Short descriptive text snippets:
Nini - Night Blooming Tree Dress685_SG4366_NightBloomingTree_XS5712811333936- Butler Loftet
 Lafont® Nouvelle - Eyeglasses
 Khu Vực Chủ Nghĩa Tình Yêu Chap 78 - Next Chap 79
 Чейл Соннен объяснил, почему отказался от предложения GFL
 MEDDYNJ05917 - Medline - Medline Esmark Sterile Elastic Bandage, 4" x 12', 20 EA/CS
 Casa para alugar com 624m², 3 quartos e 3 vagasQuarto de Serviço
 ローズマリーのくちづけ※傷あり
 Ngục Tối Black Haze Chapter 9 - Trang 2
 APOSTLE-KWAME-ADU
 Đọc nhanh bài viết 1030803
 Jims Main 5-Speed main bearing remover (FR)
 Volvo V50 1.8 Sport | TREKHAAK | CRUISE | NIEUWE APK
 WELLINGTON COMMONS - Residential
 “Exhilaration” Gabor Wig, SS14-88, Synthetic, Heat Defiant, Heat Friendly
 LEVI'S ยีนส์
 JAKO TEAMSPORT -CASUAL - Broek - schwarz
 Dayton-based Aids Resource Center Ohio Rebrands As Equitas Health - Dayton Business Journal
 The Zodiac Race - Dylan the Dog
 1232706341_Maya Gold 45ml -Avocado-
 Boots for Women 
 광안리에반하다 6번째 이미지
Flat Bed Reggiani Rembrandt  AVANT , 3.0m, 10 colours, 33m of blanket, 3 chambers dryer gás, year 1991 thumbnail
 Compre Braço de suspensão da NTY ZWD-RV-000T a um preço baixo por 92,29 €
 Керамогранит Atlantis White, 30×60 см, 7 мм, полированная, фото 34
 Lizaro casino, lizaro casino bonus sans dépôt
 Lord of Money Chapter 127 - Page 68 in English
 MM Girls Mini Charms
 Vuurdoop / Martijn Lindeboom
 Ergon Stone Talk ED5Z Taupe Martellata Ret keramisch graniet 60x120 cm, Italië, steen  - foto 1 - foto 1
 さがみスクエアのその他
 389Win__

## WHAT IS REQUIRED:
Your task is to retype all of the records exactly.

## FINAL ANSWER:
Nini - Night Blooming Tree Dress685_SG4366_NightBloomingTree_XS5712811333936- Butler Loftet
 Lafont® Nouvelle - Eyeglasses
 Khu Vực Chủ Nghĩa Tình Yêu Chap 78 - Next Chap 79
 Чейл Соннен объяснил, почему отказался от предложения GFL
 MEDDYNJ05917 - Medline - Medline Esmark Sterile Elastic Bandage, 4" x 12', 20 EA/CS
 Casa para alugar com 624m², 3 quartos e 3 vagasQuarto de Serviço
 ローズマリーのくちづけ※傷あり
 Ngục Tối Black Haze Chapter 9 - Trang 2
 APOSTLE-KWAME-ADU
 Đọc nhanh bài viết 1030803
 Jims Main 5-Speed main bearing remover (FR)
 Volvo V50 1.8 Sport | TREKHAAK | CRUISE | NIEUWE APK
 WELLINGTON COMMONS - Residential
 “Exhilaration” Gabor Wig, SS14-88, Synthetic, Heat Defiant, Heat Friendly
 LEVI'S ยีนส์
 JAKO TEAMSPORT -CASUAL - Broek - schwarz
 Dayton-based Aids Resource Center Ohio Rebrands As Equitas Health - Dayton Business Journal
 The Zodiac Race - Dylan the Dog
 1232706341_Maya Gold 45ml -Avocado-
 Boots for Women 
 광안리에반하다 6번째 이미지
Flat Bed Reggiani Rembrandt  AVANT , 3.0m, 10 colours, 33m of blanket, 3 chambers dryer gás, year 1991 thumbnail
 Compre Braço de suspensão da NTY ZWD-RV-000T a um preço baixo por 92,29 €
 Керамогранит Atlantis White, 30×60 см, 7 мм, полированная, фото 34
 Lizaro casino, lizaro casino bonus sans dépôt
 Lord of Money Chapter 127 - Page 68 in English
 MM Girls Mini Charms
 Vuurdoop / Martijn Lindeboom
 Ergon Stone Talk ED5Z Taupe Martellata Ret keramisch graniet 60x120 cm, Italië, steen  - foto 1 - foto 1
 さがみスクエアのその他
 389Win__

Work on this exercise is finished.